Below is a one and a half minute video demonstrating how Verizon’s Integrated Video works:
In one case study, Verizon and an enterprise customer claim that the company was able to “deflect false (insurance) claims” and save $200,000 on insurance premiums using their integrated video solution. In another case, Verizon and an enterprise customer claim a reduction in annual accidents by 87%.
Use Case #2: Using Computer Vision to Optimize Transmitter Placement and Network Performance
Verizon claims that it uses AI models to optimize its placement of 5G transmitters, also called “5G nodes.” “When we build out these networks, these are very capital intensive,” says Shankar Arumugavelu, Verizon’s CIO, “We have to make sure we are being very judicious of how we are investing our capital.”
To accomplish this, Verizon claims that it used internal AI models. According to an interview with the Wall Street Journal, Verizon started using AI models for this purpose back in 2018. “Without AI, we would not be able to do this, period,” says Arumugavelu.
Arumugavelu claims that Verizon uses deep learning in the form of computer vision to analyze geographic and spatial variables such as bridges, building heights, and trees. Computer vision uses digital images taken from cameras and applies a deep learning model to identify and classify objects. Algorithms that may be applied to these visual inputs include CNN and RNN.
Computer vision is broken down into two main processes: image segmentation and image analysis/understanding. Image segmentation divides an image into regions based on pixel characteristics, which identifies boundaries or objects. Image understanding uses the input from the segmentation processes and attempts to extract meaningful, actionable data.
Computer vision block-diagram
Other potential applications for computer vision include:
- Automotive driver assistance and traffic management
- Eye and head tracking
- Sports analysis
- Gesture recognition
- General-purpose vision systems
- Industrial automation and inspection for the food and agriculture, printing and textiles, and electronics industries
- Medical and biomedical imaging
Besides assisting Verizon with network placement, computer vision also helps Verizon optimize its network, claims Arumugavelu.
Unfortunately, no details are given as to how Verizon accomplishes network optimization.
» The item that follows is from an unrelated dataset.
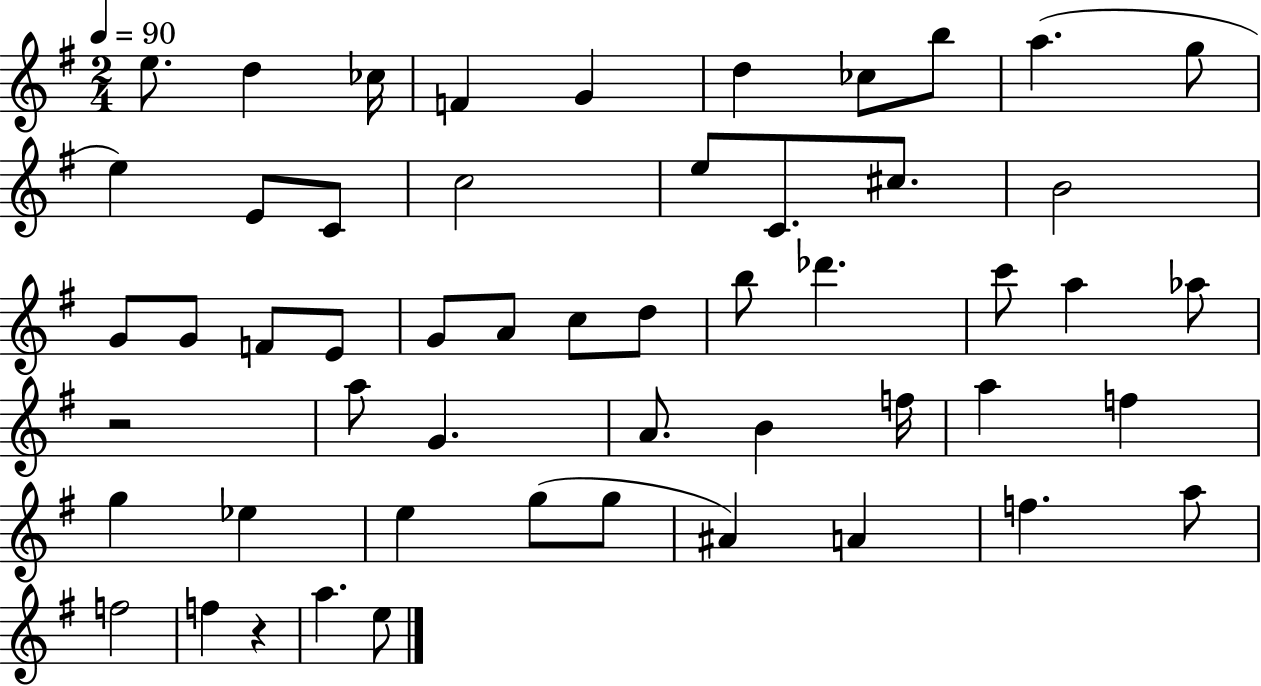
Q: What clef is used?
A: treble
Moreover, our research was unable to uncover any facts regarding the AI model supposedly used by the organization to determine optimal transmitter placement.
Concerning tangible business outcomes potentially attributable to Verizon’s supposed network strategy, network reliability may be an indicative (if indirect) measure of such a strategy. In this respect, RootMetrics named Verizon as the 5G network “reliability leader” in 93 out of 125 markets tested and the most reliable 5G carrier overall. Also, J.D. Power names Verizon as having the best “network quality,” although 5G technology is not explicitly mentioned.